* TASK PROMPT: After locating the line with "Atelier Emine Solea Ballet Çanta Çok Renkli" below, output it and each following line exactly, stopping after the line with "Церковь Александра Невского, , Пудож, Пудожский". No pictures.

--- PROVIDED RECORDS ---

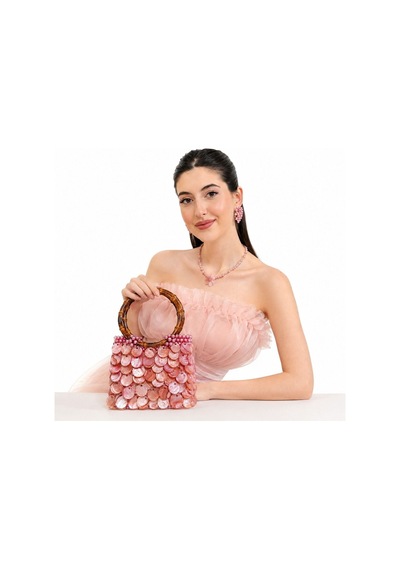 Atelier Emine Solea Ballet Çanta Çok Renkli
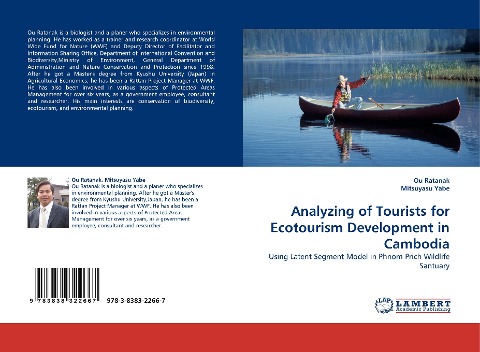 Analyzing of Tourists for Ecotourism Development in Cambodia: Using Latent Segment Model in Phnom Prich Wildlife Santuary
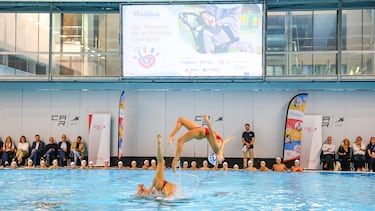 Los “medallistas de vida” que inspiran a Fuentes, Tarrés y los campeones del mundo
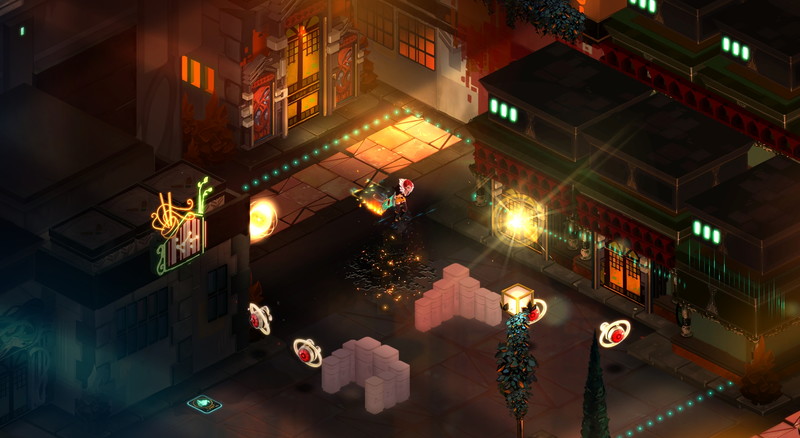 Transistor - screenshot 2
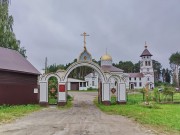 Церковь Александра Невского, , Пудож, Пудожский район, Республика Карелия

---
--- PROVIDED RECORDS ---

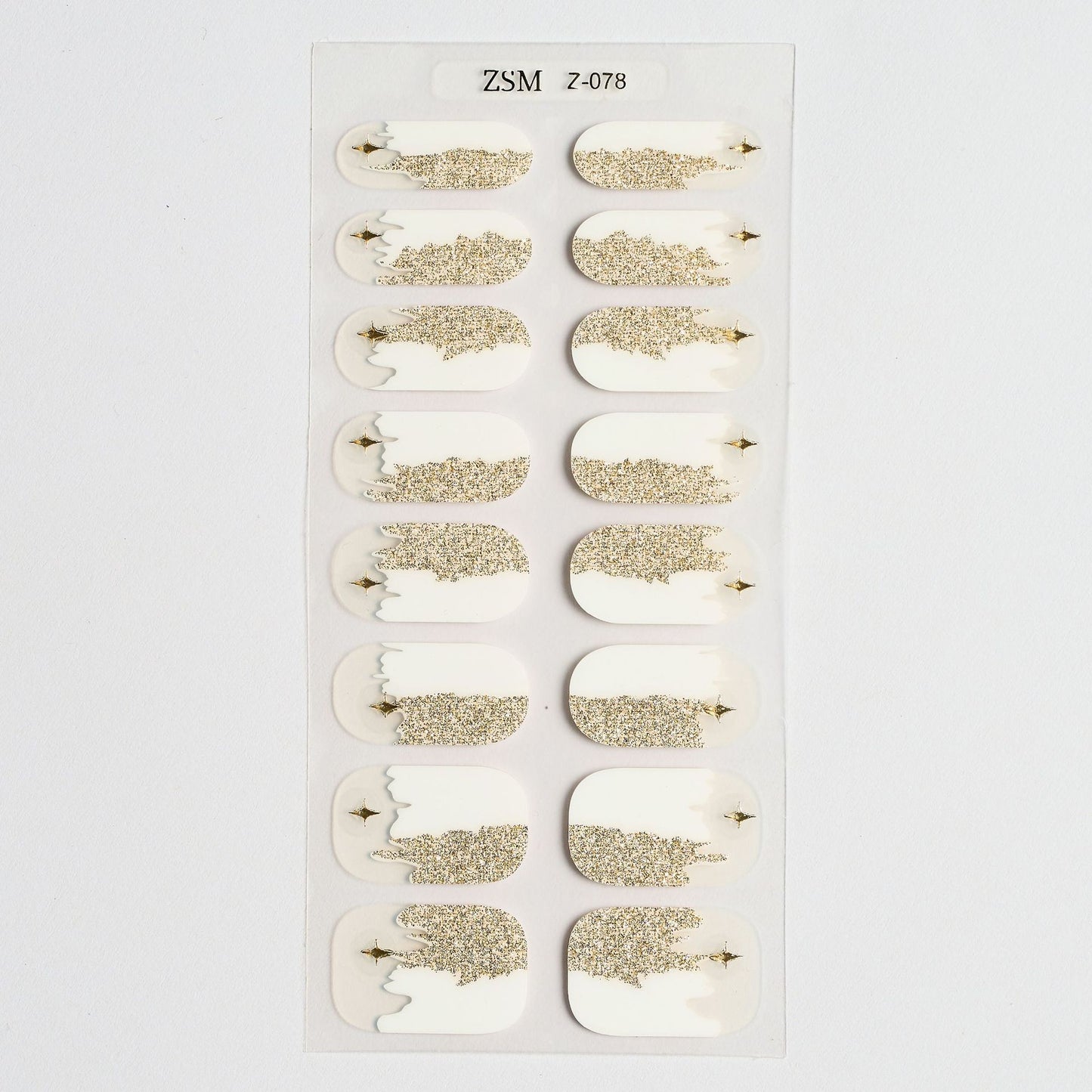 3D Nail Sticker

---

* SOLUTION:
 Atelier Emine Solea Ballet Çanta Çok Renkli
 Analyzing of Tourists for Ecotourism Development in Cambodia: Using Latent Segment Model in Phnom Prich Wildlife Santuary
 Los “medallistas de vida” que inspiran a Fuentes, Tarrés y los campeones del mundo
 Transistor - screenshot 2
 Церковь Александра Невского, , Пудож, Пудожский район, Республика Карелия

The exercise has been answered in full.